In Milbank’s approach to ethics, there are only different narratives with different political implications. He employs his historicism to argue that secular liberal modernity is simply a “theological faith” resting on an “ontology of violence,” by which he means “a reading of the world which assumes the priority of force and tells how this force is best managed and confined by counterforces.” Modernity assumes that society is made up of isolated individuals needing to be controlled. But this assumption, Milbank insists, is a theological judgment about human nature that is neither more nor less “justified” than any other theological judgment.

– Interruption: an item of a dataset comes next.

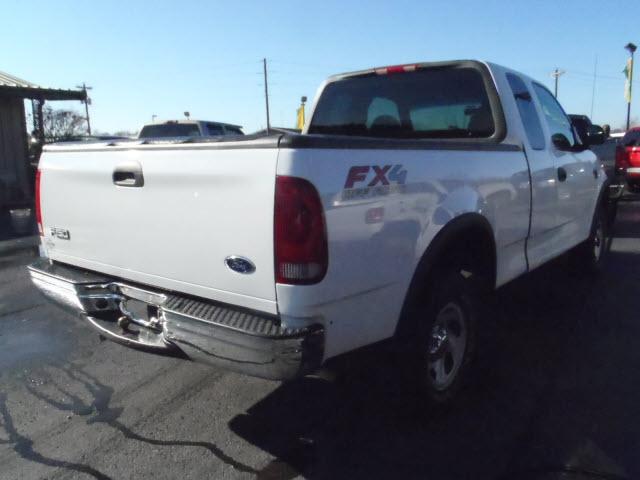 Ford F150 2002 photo 2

Secular modernity is not, as it supposes itself to be, an understanding of reality objectively superior to earlier understandings; it is rather a narrative highly damaging in its effects resting on assumptions no more legitimate or illegitimate than those of a Christian narrative.
Having dealt with the underlying assumptions of modernity, Milbank moves on to the great post-Enlightenment worldview (or—as he prefers—meta-narrative) of Marxism. The Hegelian-Marxist tradition, in Milbank’s view, rightly exposes the violent nature of capitalism, but it is itself still trapped in the assumptions of “secular reason.” This one-sided critique by Marxists of capitalism needs to be criticized by Christian socialists, whose tradition can challenge the assumptions of modernity. Any theology that bases itself on Marxist analysis will be working with secular assumptions; thus liberation theology “has been simply another effort to reinterpret Christianity in terms of the dominant secular discourse of our day.”
In the last section of the book, Milbank confronts the postmodernist abyss of nihilism. In a superb critique of Nietzsche, he illustrates that at root the most likely political expression of a nihilistic critique will be fascist. If there are only different ways of looking at the world, then the strongest will be the one to prevail. But while Milbank wants to reject nihilism, he does not want to opt for the critical realism of MacIntyre. Milbank finds MacIntyre’s position untenable: “MacIntyre, of course, wants to argue against this stoic-liberal-nihilist tendency, which is secular reason. My case is rather that it is only mythos, and therefore cannot be refuted, but only out-narrated, if we persuade people—for reasons of ‘literary taste’—that Christianity offers a much better story.”
How does Milbank suppose that he can be genuinely postmodern and yet a traditional Christian? How can one be historicist without being nihilist? Milbank’s proposal is ingenious. It is true, he says, that all we have is a range of different traditions, and decisions between traditions cannot be made on some “tradition-transcendent grounds.” Yet it is possible that one of these traditions might in fact be the truth. This is what the Christian narrative claims to be: It is a meta-discourse that can and should embrace all human life and activity. So in a brilliant ironic move, Milbank turns out to be antirealist about everything except God.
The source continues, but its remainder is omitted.